# REQUIRED WORK
Without copying any picture, transcribe exactly the lines of the data below from the one containing "Chocolate Cake Curtains" through the one containing "Beige and Lavender".

[Image-caption web data]
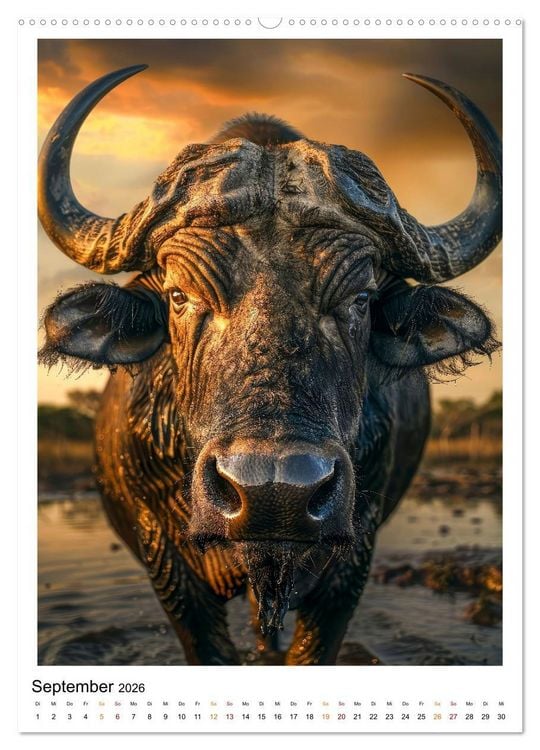 Produktbild: Afrikas Tierwelt - imposante K&ouml;pfe (hochwertiger Premium Wandkalender 2026 DIN A2 hoch), Kunstdruck in Hochglanz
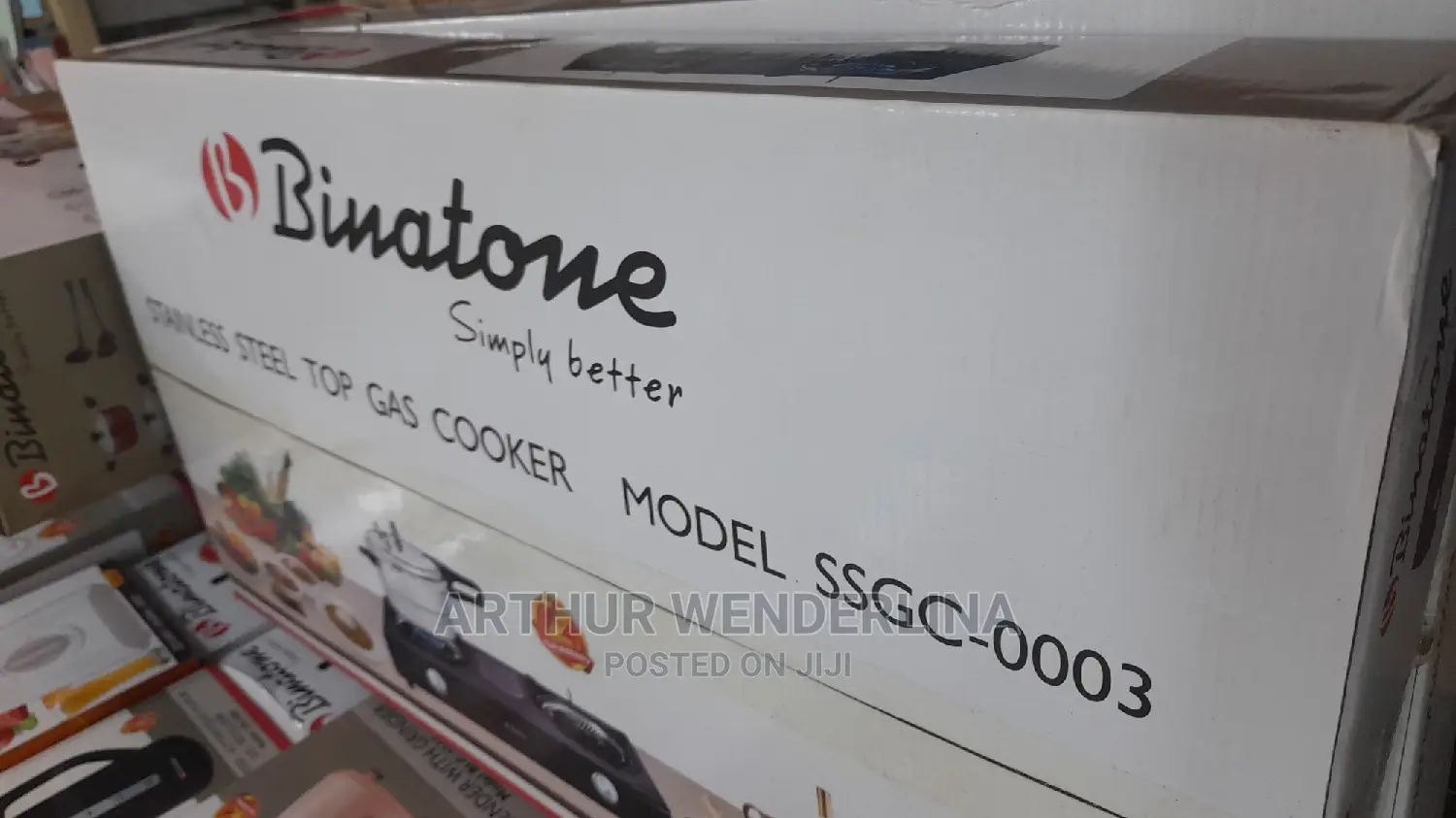 Binatone Table Top Stainless Steel Gas Cooker - Black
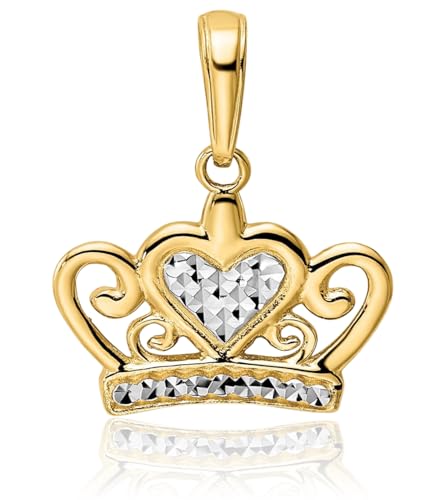 IceCarats 14K Solid Two Tone Yellow White Gold Heart Love Royal Princess Crown Necklace Chain Pendant Charm3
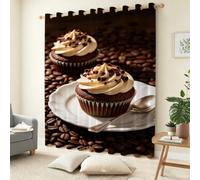 Chocolate Cake Curtains for Living Room Coffee Beans 3D Thermal Eyelet Drapes Window decorations for Living Room 2 Panels Soundsproof Drapes W 55.1" x L 102.3" C.1926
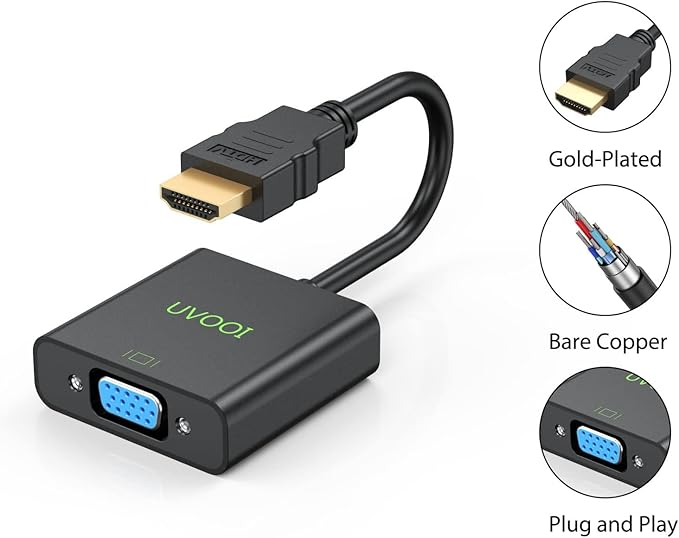 HDMI to VGA Adapter 10 Pack, HDMI to VGA Cable Male to Female Monitor Display Cord 1080P@60Hz for Desktop, Laptop, PC, Projector, HDTV, and More (Not Bidirectional)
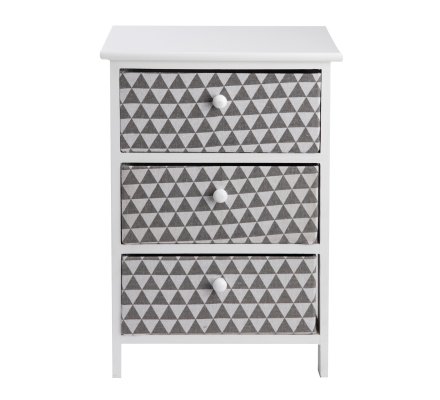 Meuble En Bois 3 Tiroirs En Tissu Design Origami Gris 1805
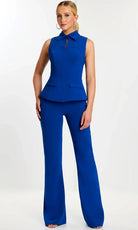 Jovani 44979 - Collared Neckline Keyhole Pantsuit - back view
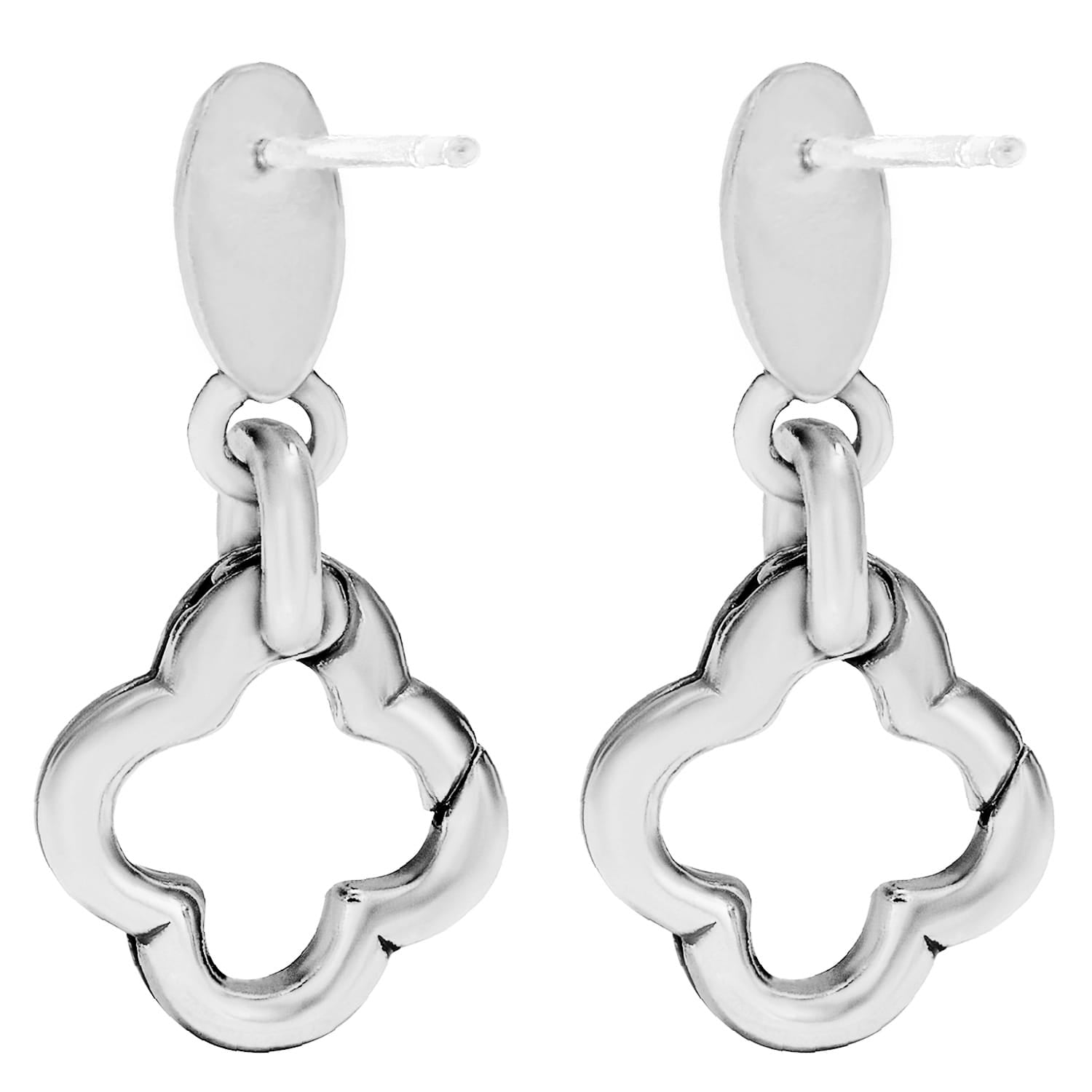 Brighton drop earrings with silver-tone oval posts and open quatrefoil clover dangles on a white background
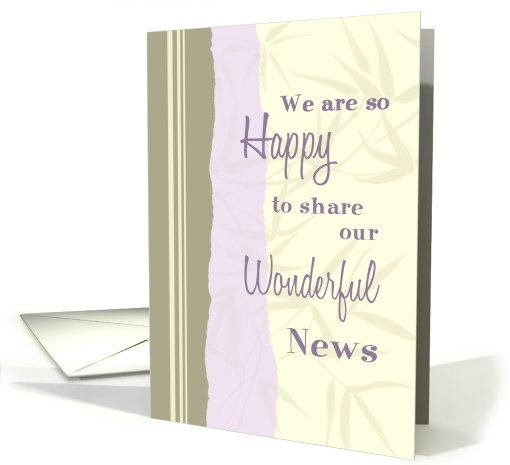 Beige and Lavender Engagement Announcement card (638076)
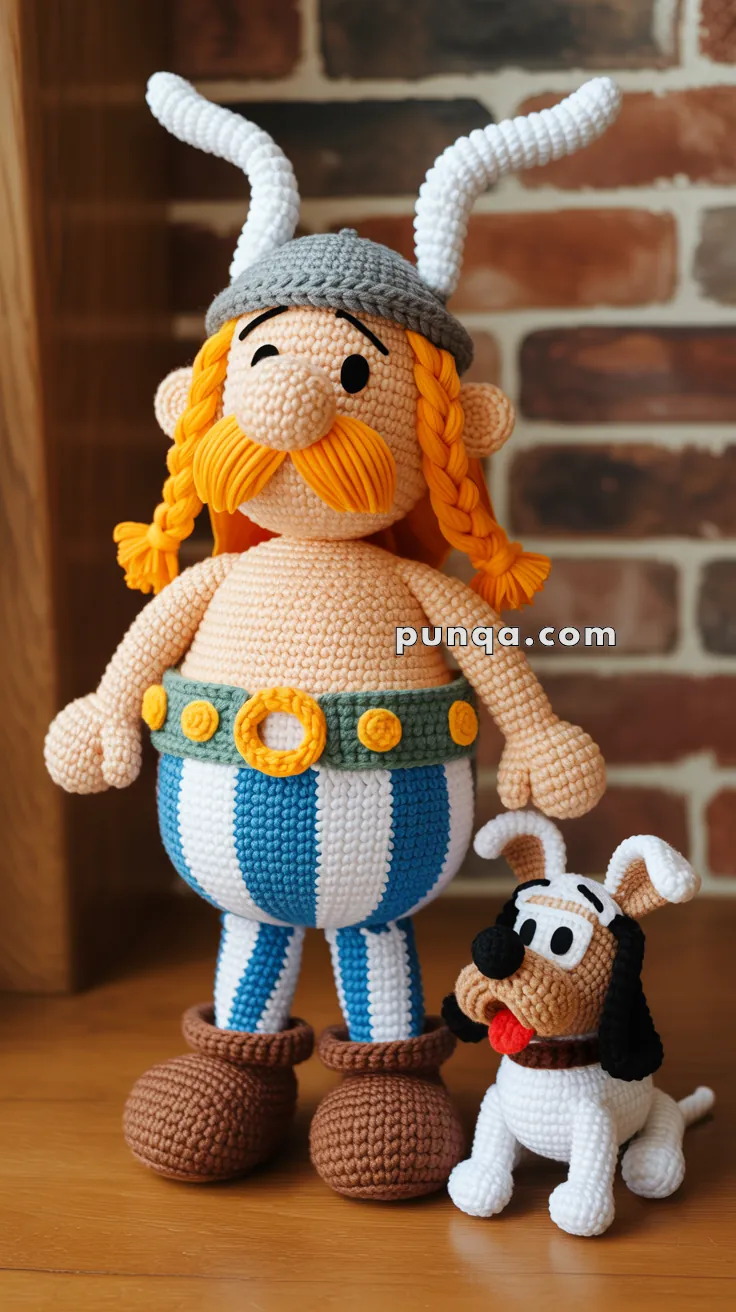 A crocheted doll of a character with a horned helmet, orange mustache, and striped pants, standing next to a small crocheted dog with floppy ears, set against a brick wall background.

# RESPONSE TO THIS TASK
 Chocolate Cake Curtains for Living Room Coffee Beans 3D Thermal Eyelet Drapes Window decorations for Living Room 2 Panels Soundsproof Drapes W 55.1" x L 102.3" C.1926
 HDMI to VGA Adapter 10 Pack, HDMI to VGA Cable Male to Female Monitor Display Cord 1080P@60Hz for Desktop, Laptop, PC, Projector, HDTV, and More (Not Bidirectional)
 Meuble En Bois 3 Tiroirs En Tissu Design Origami Gris 1805
 Jovani 44979 - Collared Neckline Keyhole Pantsuit - back view
 Brighton drop earrings with silver-tone oval posts and open quatrefoil clover dangles on a white background
 Beige and Lavender Engagement Announcement card (638076)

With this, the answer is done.